As was reiterated in the last couple of weeks with the discussion around the conduct of Avital Ronell and the academics who joined together to defend her, academia in the U.S. is a system that is geared toward the top. This is true in terms of the academic stars that we all seem to orient ourselves around, and it is true of the kind of labor we are taught to aspire to. As graduate students we are trained to be mini-me’s of our R-1 profs who have light teaching loads in order to focus on their research. If you just mold yourself into a facsimile of the star you align yourself around maybe one day you can rise from the plebeian ranks and enjoy torturing your own graduate students. You can’t be in academics too long without hearing funny jokes about how well the academic system aligns with the feudal system, har har har.
That is the system we have inherited and grown up in. But as the larger higher education system around starts to be more and more and more unsustainable—budgets are being cut, teaching loads are going up, pay is stagnant, yet tuition costs and student debt are rising at alarming rates—many people are looking and asking what we should be doing to stop these changes, or adapt to them, or construct new possibilites. A lot of this discussion has circled around graduate education because of the truly abysmal state of the academic job market. If you follow conversations in higher education, you have been reading about and discussing these questions for awhile now. What are we preparing our students to do if there are no jobs in academia, at least ones that pay a living wage? Do we provide more examples of alternative careers? Do we need more unions? Do we need to train academics differently? Do we need to take in less graduate students?
I think these conversations are good, and I have seen some change come out of them. But I am also reminded again and again how entrenched we still are in these models that privilege certain kinds of academics and certain kinds of knowledge.
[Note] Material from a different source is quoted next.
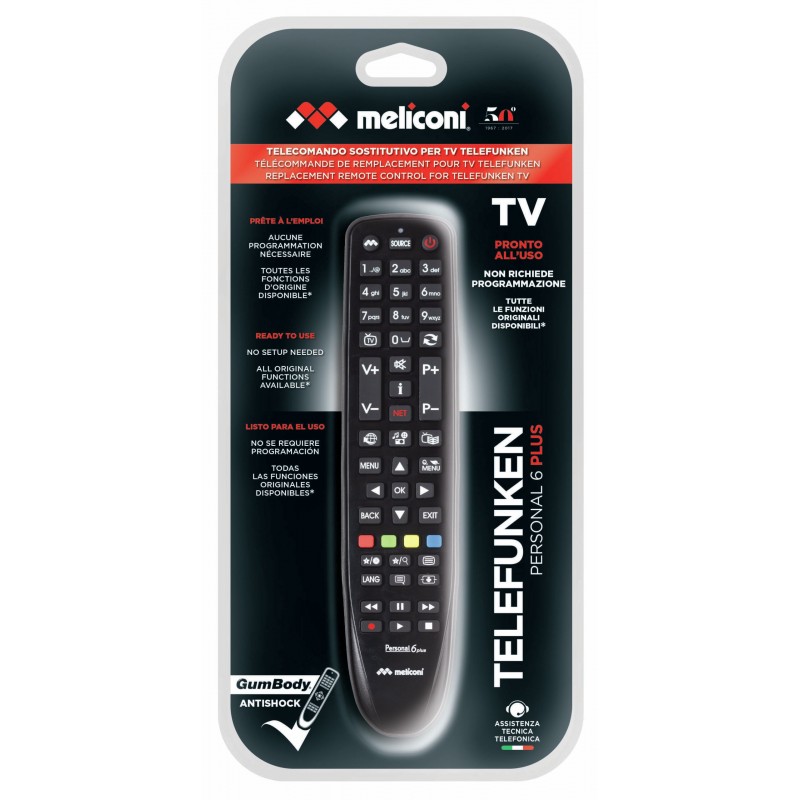 Meliconi Gumbody Personal 6 plus telecomando IR Wireless TV Pulsanti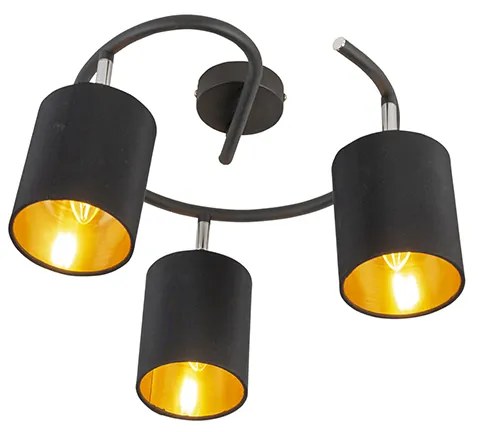 Plafoniera modernă inteligentă neagră cu 3 becuri WiFi B35 - Lofty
As someone who is increasingly interested in pedagogy, this is reiterated to me when I see how much we still do not value teaching. We can’t seem to escape the model where research is best and teaching is secondary. This was shown to me when I received very little training in graduate school about how to teach, when I see good teaching being treated like a nice addition to a scholar’s resume but not really a necessary one, when my friends on the tenure track are told to focus as much as they can on their scholarship even if their teaching suffers.
If we value research so much though, one might think that if we study our teaching and publish scholarship about teaching, then that work will be counted as research. And it might have a nice added benefit of also helping your and maybe someone else’s teaching. However, I was on the job market last year, and it was made clear to me a few times that while it was good to have publications related to teaching, it wasn’t really the same as having “real” research on my CV. In one case I was told that a forthcoming article in Pedagogy about PALS was not “academic” enough of a subject, and in another I was told that the tenure committee would be more interested in scholarship of discovery than research on teaching. To be clear, these were both jobs where the fundamental duty was teaching and both jobs had minimal research requirements to be promoted. They were teaching jobs, and it was made clear that maybe my focus was a little too much on TEACHING.
I use these examples not to just complain about my own experience. Rather I want to point out these instances because they illustrate how ingrained in our system the idea that research, and certain kinds of research at that, are best and everything else we do as academics is secondary.
The reason this bothers me so much right now is that I see the devaluing of teaching as adding to the crisis that higher education finds itself in. Now, I realize that the corporatization of the university has much larger forces at work than individual departments or professors not valuing certain kinds of labor. But I can’t help but see the connection here. I think this is especially true of the adjunctification of higher education. If we don’t think that teaching has value, than who cares who teaches our classes? who cares what we pay them? who cares if those teachers don’t have health insurance? who cares if they use their car as an office?
When lamenting the state of the job market with my friend a few years back, I asked her why the profession let this happen—watched job security slip away and spent time wringing their hands but doing nothing really to stop it. I can’t help but think that maybe because it was teaching that went first people didn’t really care as much. They let the grad students take on heavier teaching loads and watched as those students graduated to take on even heavier teaching loads. They watched people be grateful, so grateful for non-tenure track jobs that had one year contracts because at least that was some stability. Maybe if the academy really valued teaching in the same way we do research, defensives would have been hit earlier and people would have fought harder.
The root of my argument here is that we need to value teaching more. However, I do know that valuing something doesn’t magically solve all problems. That it isn’t really an actionable item. So if you have suggestions about how we teach others to value teaching, then I would love to hear them. I am in for brainstorming ways to shift the power.